What DSP/BIOS calls result in UTL_halt?

ReinierC

Good day experts,

Can you please advise me which calls in DSP/BIOS cause UTL_halt() to be called? From the DSP/BIOS user guide and API reference, I found the following:

- The default event handlers in the ECM module

- SYS_exit

- SYS_abort

My DSP/BIOS (v5.42.1.9 in CCS 5.4) application crashes somewhere and the only information available from the call stack is that UTL_halt was called. SYS_abort is called explicitly in my application, however I did set a breakpoint which is never reached. I do not know if SYS_exit is called indirectly somehow? I am using the ECM module through the BIOSPSP drivers, but none of the other ECM events are enabled, so I'm not expecting UTL_halt to be called from there.

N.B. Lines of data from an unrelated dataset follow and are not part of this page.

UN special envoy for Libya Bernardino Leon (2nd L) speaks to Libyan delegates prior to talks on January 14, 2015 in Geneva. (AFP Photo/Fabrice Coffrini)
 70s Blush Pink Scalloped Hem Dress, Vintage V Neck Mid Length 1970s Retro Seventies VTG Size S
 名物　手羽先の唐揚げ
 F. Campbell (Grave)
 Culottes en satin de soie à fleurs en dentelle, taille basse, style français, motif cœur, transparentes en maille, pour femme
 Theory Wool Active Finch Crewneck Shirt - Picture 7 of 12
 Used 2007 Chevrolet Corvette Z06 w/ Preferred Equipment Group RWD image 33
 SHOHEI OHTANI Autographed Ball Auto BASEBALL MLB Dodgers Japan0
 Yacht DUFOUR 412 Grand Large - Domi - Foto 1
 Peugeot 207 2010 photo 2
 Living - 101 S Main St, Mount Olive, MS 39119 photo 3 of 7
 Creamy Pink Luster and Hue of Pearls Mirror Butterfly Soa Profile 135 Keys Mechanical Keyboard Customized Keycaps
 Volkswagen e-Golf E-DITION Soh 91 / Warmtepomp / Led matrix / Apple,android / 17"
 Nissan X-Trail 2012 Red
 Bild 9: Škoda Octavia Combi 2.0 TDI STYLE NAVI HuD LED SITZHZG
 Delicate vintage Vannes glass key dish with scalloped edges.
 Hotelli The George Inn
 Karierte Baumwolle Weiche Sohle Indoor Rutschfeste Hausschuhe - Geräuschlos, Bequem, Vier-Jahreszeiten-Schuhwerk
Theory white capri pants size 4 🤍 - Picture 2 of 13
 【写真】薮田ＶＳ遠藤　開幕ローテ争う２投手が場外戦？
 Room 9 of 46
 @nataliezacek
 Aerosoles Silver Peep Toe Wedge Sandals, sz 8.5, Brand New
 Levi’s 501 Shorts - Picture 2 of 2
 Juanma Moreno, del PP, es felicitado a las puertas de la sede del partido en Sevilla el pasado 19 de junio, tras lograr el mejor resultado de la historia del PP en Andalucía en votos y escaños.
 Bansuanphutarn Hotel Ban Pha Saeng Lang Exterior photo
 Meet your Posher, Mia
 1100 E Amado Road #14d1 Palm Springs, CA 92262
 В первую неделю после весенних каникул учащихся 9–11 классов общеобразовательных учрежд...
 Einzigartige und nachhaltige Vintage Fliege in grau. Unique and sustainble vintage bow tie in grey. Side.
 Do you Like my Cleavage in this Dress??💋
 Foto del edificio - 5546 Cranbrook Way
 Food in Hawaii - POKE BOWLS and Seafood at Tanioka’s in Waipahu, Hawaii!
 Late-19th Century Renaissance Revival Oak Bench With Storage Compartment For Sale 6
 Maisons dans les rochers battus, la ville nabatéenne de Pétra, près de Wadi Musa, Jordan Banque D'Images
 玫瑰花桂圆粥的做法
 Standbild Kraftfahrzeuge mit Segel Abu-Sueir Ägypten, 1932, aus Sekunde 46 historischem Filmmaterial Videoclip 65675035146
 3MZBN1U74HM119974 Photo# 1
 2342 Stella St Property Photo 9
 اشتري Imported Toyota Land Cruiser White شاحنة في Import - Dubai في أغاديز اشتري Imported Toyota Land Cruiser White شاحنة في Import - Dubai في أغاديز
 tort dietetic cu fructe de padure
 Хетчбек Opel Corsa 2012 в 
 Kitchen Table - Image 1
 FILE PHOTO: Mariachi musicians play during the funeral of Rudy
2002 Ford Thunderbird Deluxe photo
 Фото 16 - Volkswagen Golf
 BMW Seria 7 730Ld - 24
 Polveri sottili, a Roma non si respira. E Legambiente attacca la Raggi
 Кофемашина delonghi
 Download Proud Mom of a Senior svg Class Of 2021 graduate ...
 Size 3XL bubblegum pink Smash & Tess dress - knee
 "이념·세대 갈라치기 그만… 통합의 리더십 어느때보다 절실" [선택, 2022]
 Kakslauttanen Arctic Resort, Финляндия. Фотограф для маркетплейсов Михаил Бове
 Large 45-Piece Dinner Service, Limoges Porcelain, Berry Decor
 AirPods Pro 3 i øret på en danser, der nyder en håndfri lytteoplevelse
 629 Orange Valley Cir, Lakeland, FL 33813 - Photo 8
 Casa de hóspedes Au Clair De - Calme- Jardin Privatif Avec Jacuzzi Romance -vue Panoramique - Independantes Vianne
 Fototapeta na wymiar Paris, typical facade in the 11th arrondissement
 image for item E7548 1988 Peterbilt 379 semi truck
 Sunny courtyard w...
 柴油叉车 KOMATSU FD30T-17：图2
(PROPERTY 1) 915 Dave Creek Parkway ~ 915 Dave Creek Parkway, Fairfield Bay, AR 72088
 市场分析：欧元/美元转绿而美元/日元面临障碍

Do you perhaps have any other suggestions?

Regards

Reinier

over 12 years ago

0 Steven Connell over 12 years ago

TI__Mastermind 45025 points

Hi Reinier,

Which h/w platform are you using? Which processor?

It could very well be being called from within BIOS due to some critical error happening. You should put a break point at UTL_halt and then change the PC to the value of the return address to see where it's being called from. The return address should be stored in a register - on C6x cores it's register B3. On ARM it's the LR. But I don't know your h/w so can't tell you for sure.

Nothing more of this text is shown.